Basic guide for pregnant women’s fitness activities

As a pregnant woman, you might need to begin your fitness activities with warming up stretches and few minutes of cardiovascular activity. During the core activity, you are advised to:

  • Wear loose fitting, comfortable clothes and good support bra

  • Wear recommended accessories for your exercise type.

  • To prevent injury, ensure you conduct activities on flat or level surfaces

  • Consume enough calories to meet pregnancy needs

  • Ensure to have eaten at least 1 hour before exercise

  • Hydrate with drinking water before, during and after exercise, it will aids metabolism

  • Do not exercise to exhaustion point.

If you perceive any medical condition or changes in your system, kindly consult your healthcare provider before going further with your fitness plans. You might also have to consult your doctor before stating off with further exercises after delivery.

Nutrition during pregnancy

What you eat to maintain healthy pregnancy is as good as what exercises you take for fitness concerns during the same period. Professionals recommend appropriate weight gain, balanced diet, regular exercise as well as vitamin and mineral supplementation for a healthy lifestyle during pregnancy. This solidly explains why the concept of fitness and nutrition are inseparable in the subject of pregnancy management.

There are dietary and caloric recommendation to maintain healthy pregnancy. Studies have revealed that approximately 300 extra calories are required each day. This could only come from balanced diets. Sweet foods and fats should be lowered to a minimum. If fitness and nutrition recommendations are properly followed, you might not have problems with pregnancy symptoms as nausea and constipation.

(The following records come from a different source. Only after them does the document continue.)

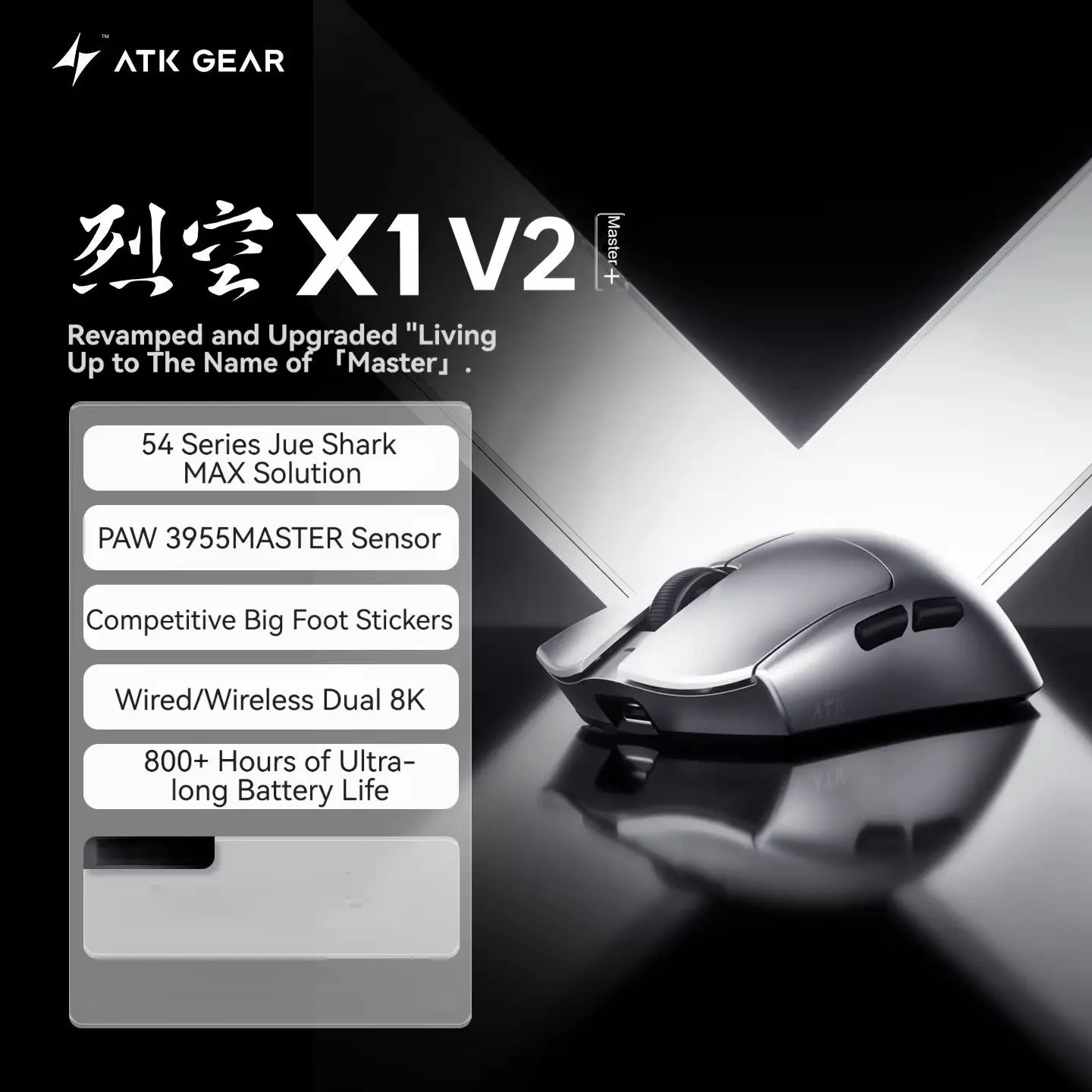ATK Blazing Sky X1 V2 Ultimate - Wireless Gaming Mouse ulasan dan harga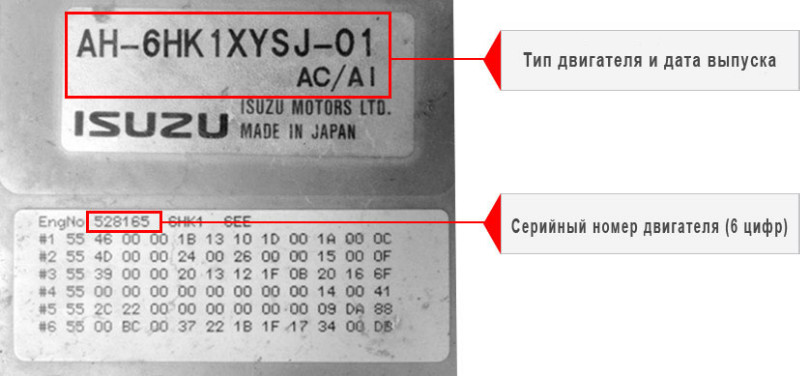 ISUZU engine serial number location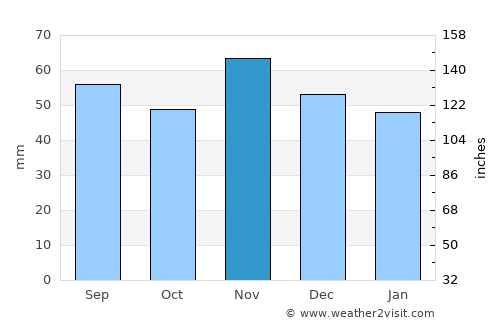 Rødby average rain in November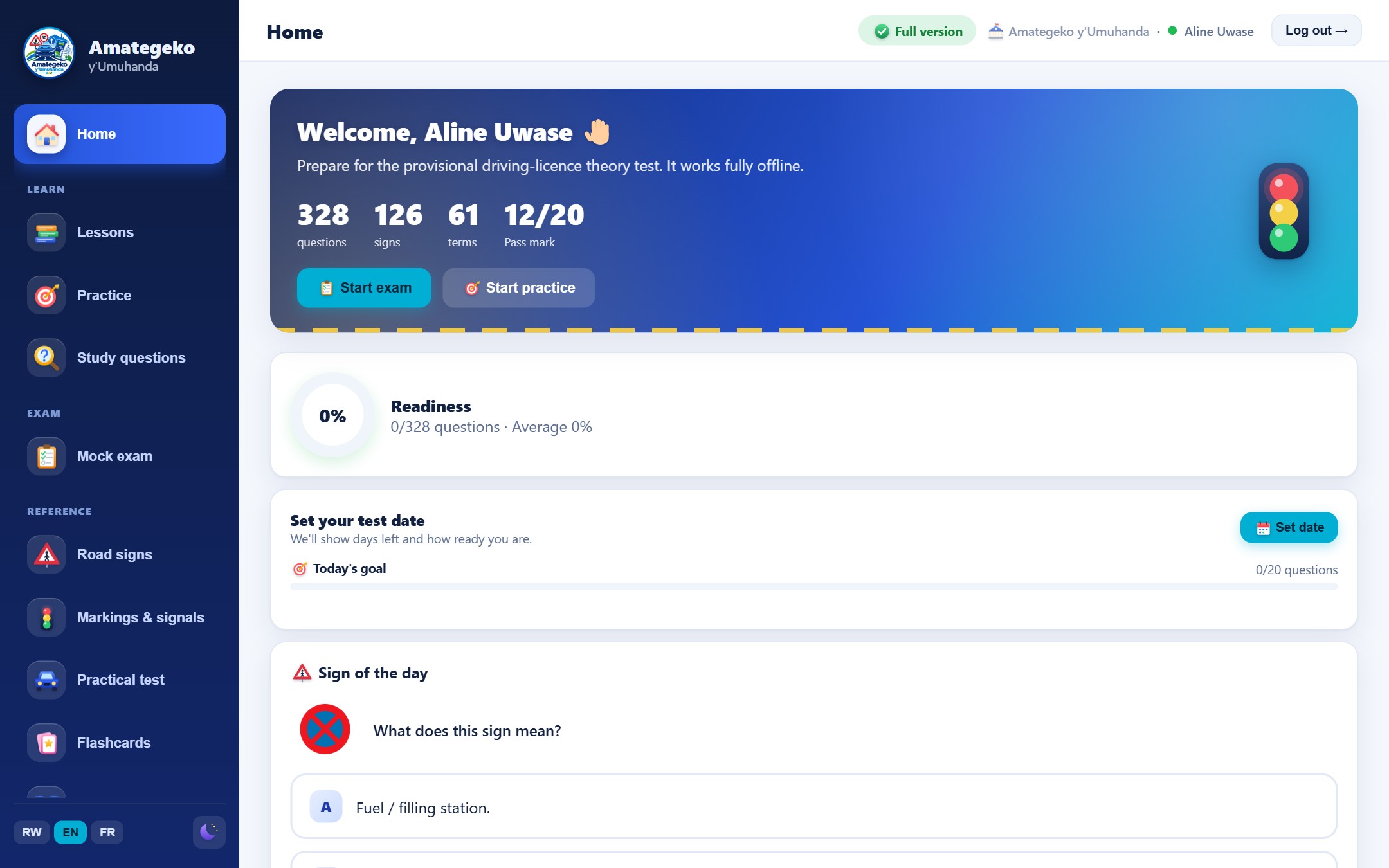 Your dashboard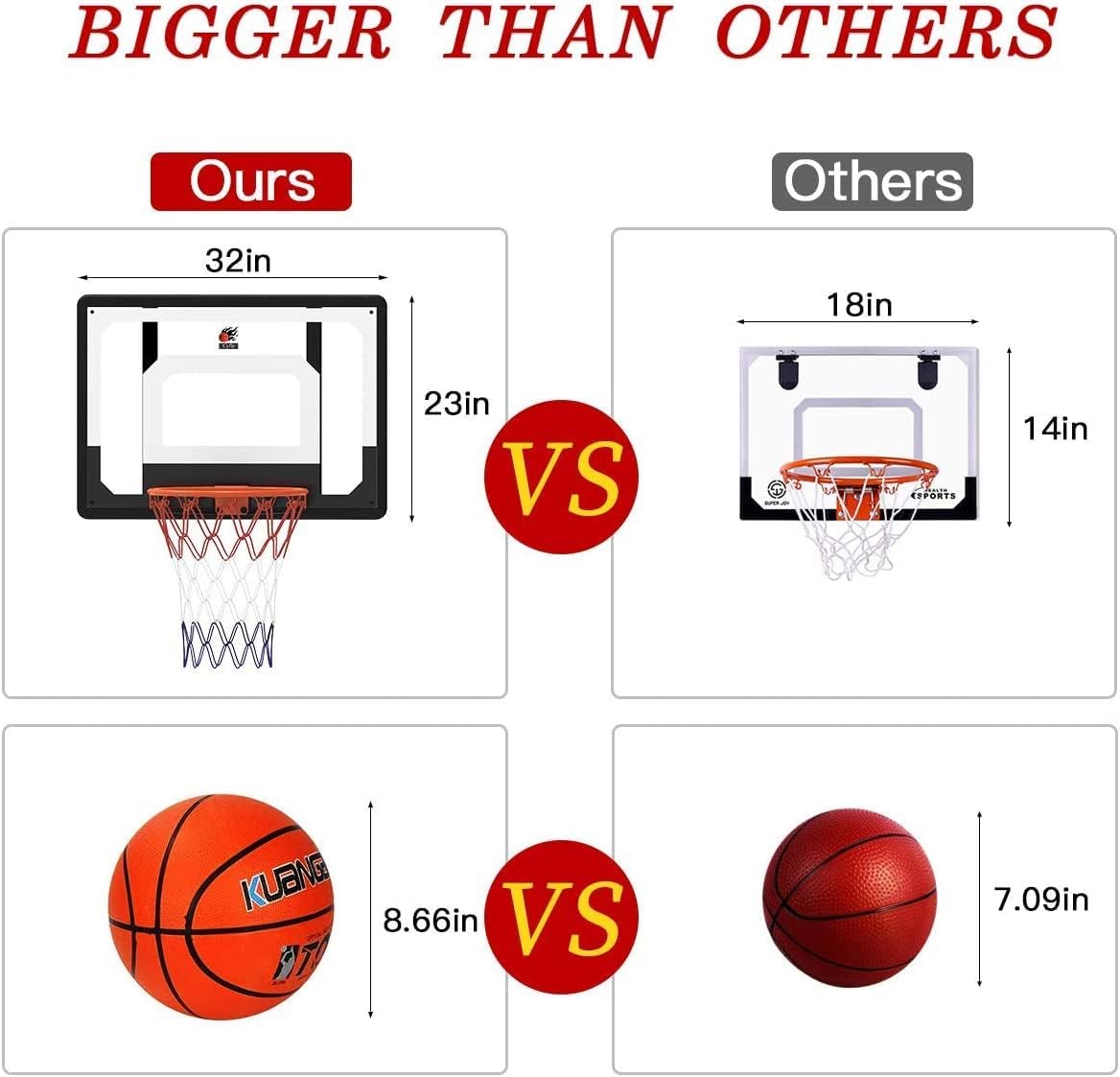 Cyfie 32x23 inch Large Basketball Hoop + 5.5 inch Mini Large Basketball Hoop for Kids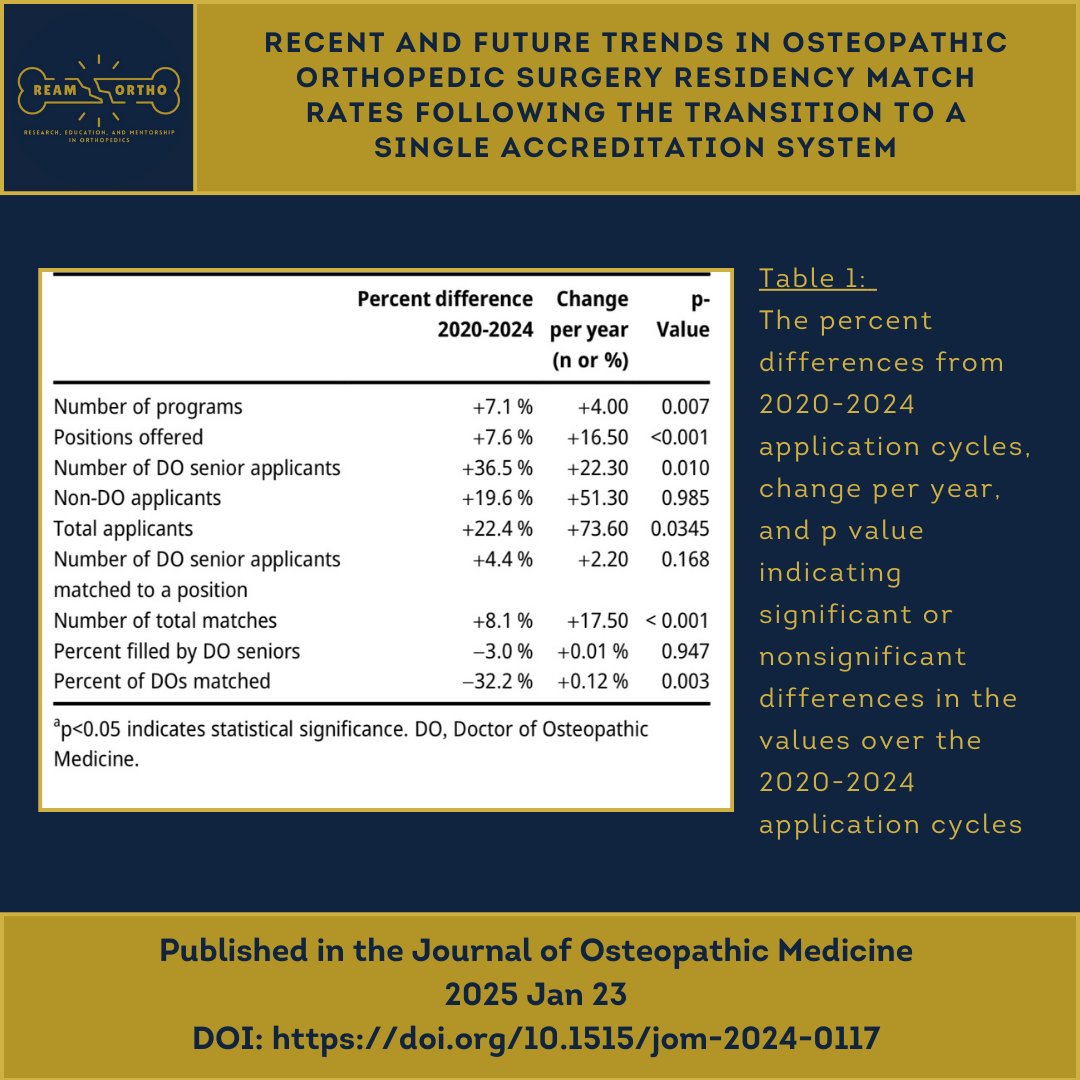 REAM ORTHO tweet media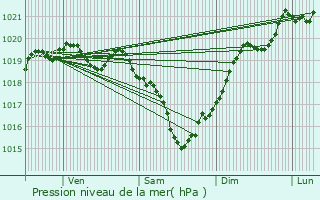 Graphe de la pression atmosphrique prvue pour Les duts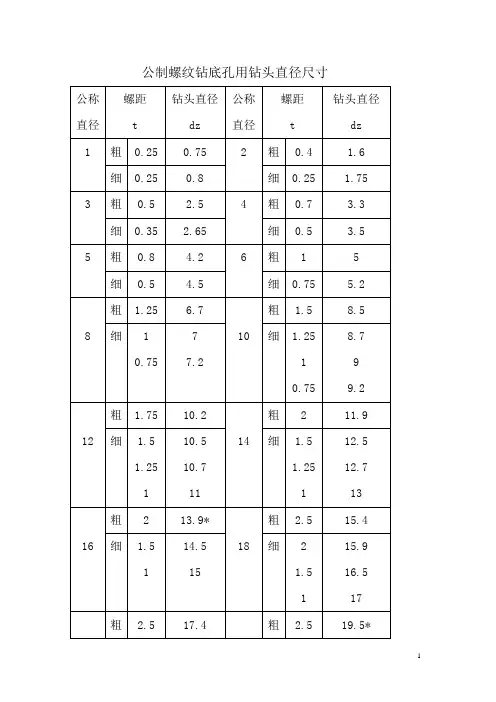公制螺纹钻底孔用钻头直径尺寸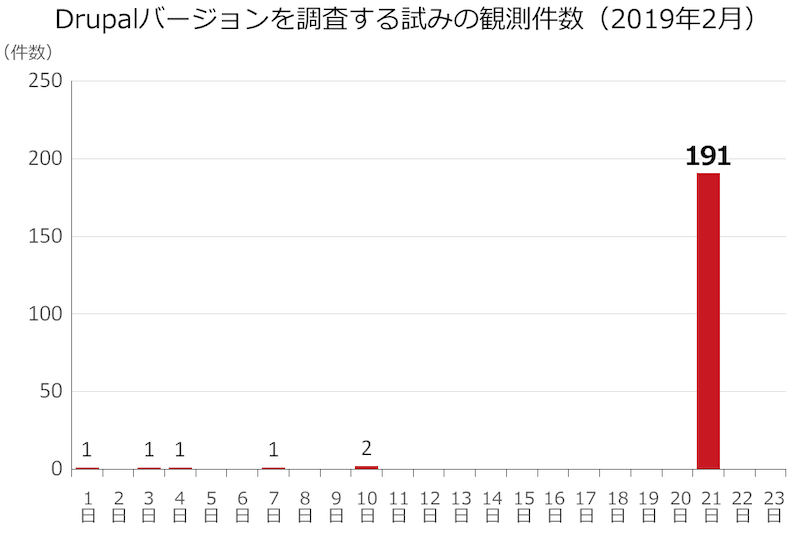 2月に観測した、Drupal のバージョンを調査する試みの件数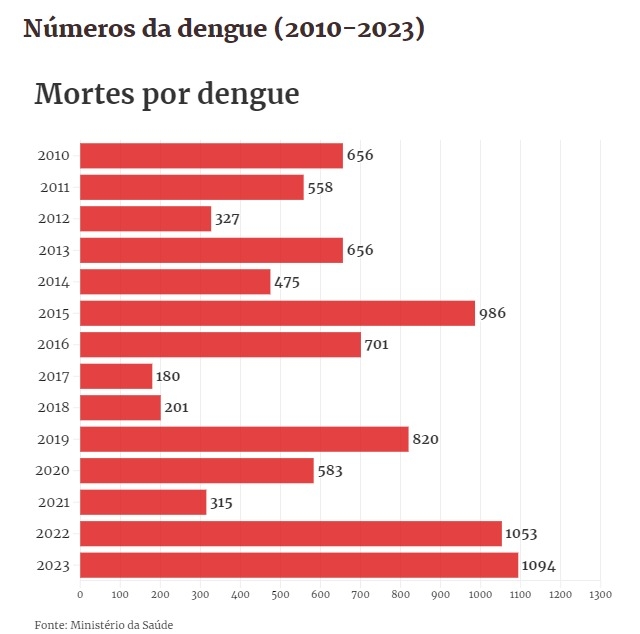 Brasil atinge novo recorde com mais de 4 Milhões de casos de Dengue em 2024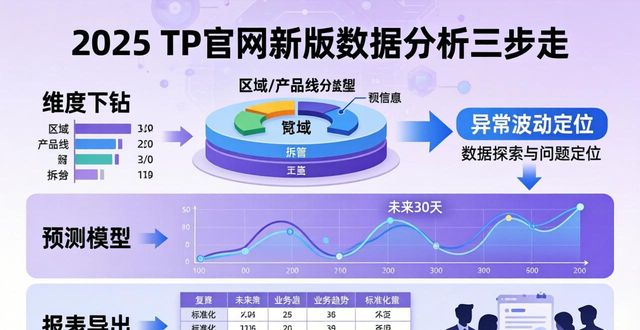2025 TP官网新版数据分析三步走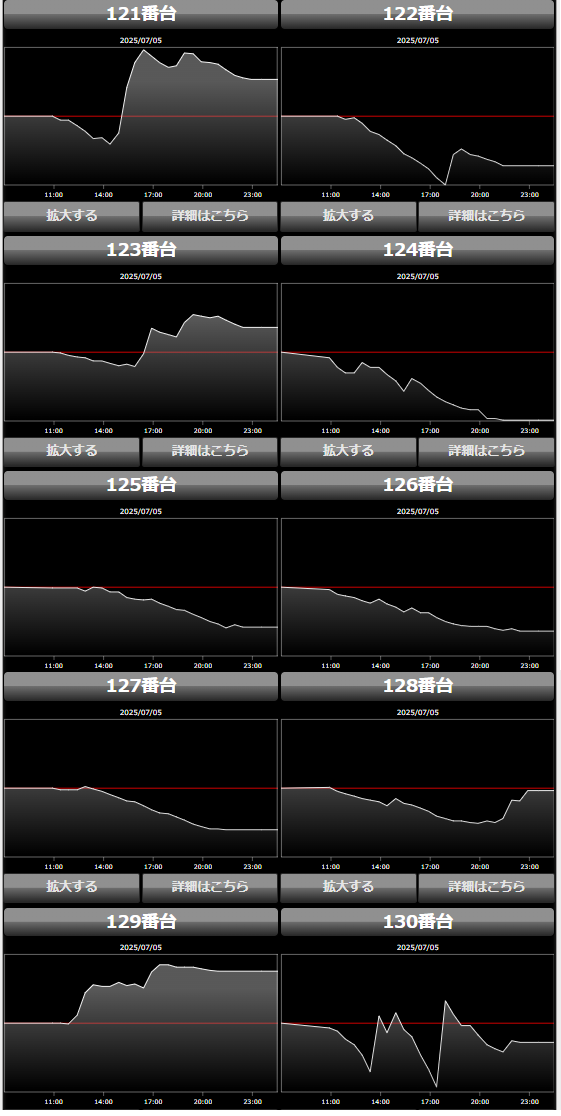 出玉スランプグラフ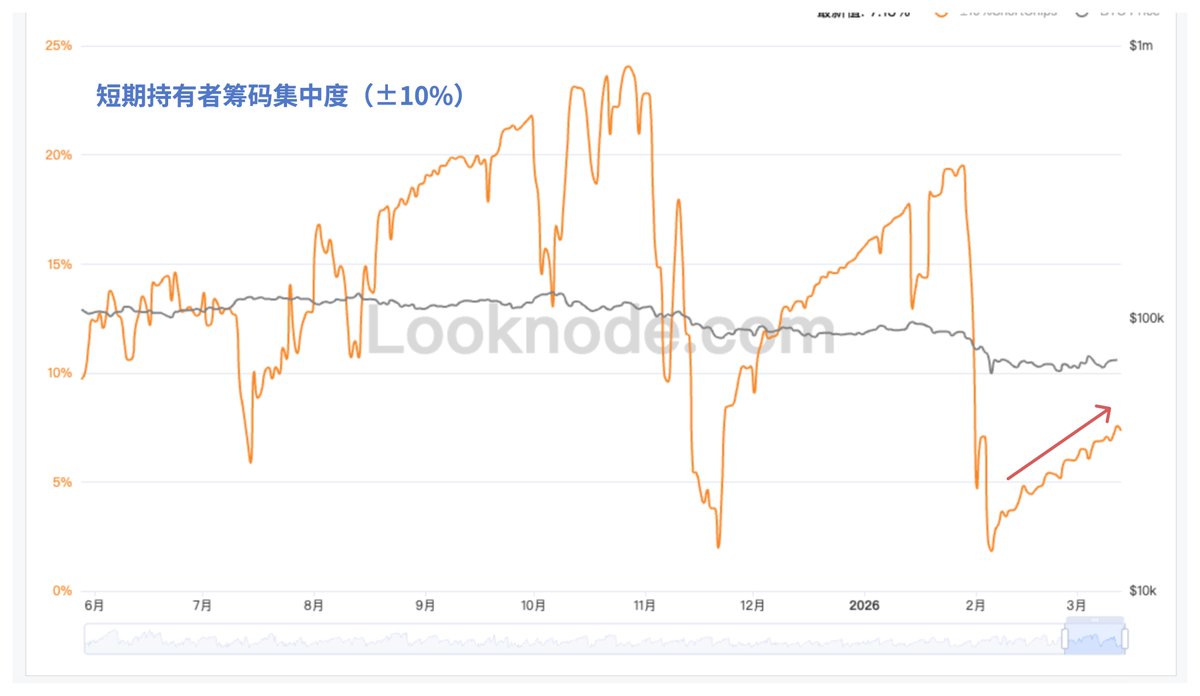 Looknode tweet media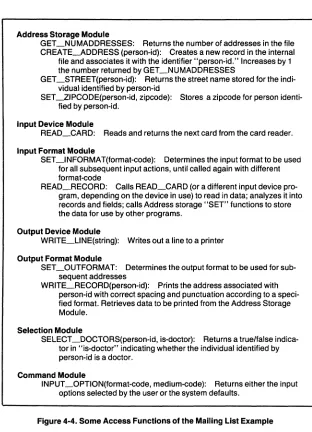 Figure 4·4. Some Access Functions of the Mailing List Example 
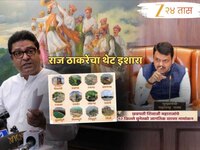 शिवरायांचे किल्ले 'जागतिक वारसा': राज ठाकरेंची टेन्शन वाढवणारी पोस्ट; म्हणाले...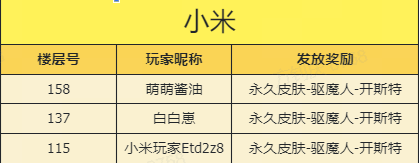 【已开奖】速来打call！谁是迷你最强魔法流派？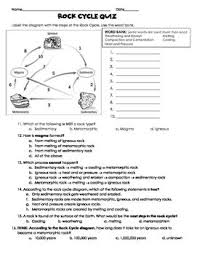Rock Cycle Quiz With Answer Key And Practice Worksheets Earth Science Lessons Science Teaching Resources Secondary Science Lessons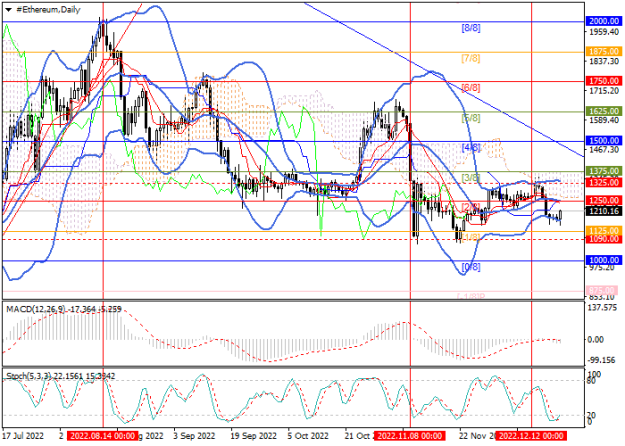 Click to Enlarge

Name: eth.png
Size: 24 KB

Fluid intake are as important to maintain healthy pregnancy and improved fitness level during pregnancy period. Professional recommendations is that you avoid alcohol as much as you can while you drink several glasses of water daily. This is in addition to fluid in juices and soups. You might have to talk to your healthcare provider on the right recommendations in a bid to cut down on the consumption of caffeine and artificial sweeteners as well.

There are lots of beneficial food to eat during pregnancy.  This ranges from vegetables to fruits, dairy products grains and proteins. Nonetheless, there are food substances to avoid during this period. These include but are not limited to:

  • Unpasteurized milk and food made from them

  • Refrigerated smoked seafood

  • Hot dogs and luncheon meals

  • Refrigerated pate and meat spread, and 

  • Raw as well as undercooked meat, egg and seafood.

You are advised to wash and rinse all raw produce thoroughly, clean cutleries and accessories properly, cook proteins to safe internal temperature verified by food thermometer, and promptly refrigerate all perishable food. Certain minerals, vitamins and supplements are recommended for your proper fitness and health during pregnancy but they are to be used to requirements and as guided by your physician. One drug you might be familiar with at this time is folic acid. This helps to reduce the risk of neural tube defect (birth defects of the brain and spinal cord).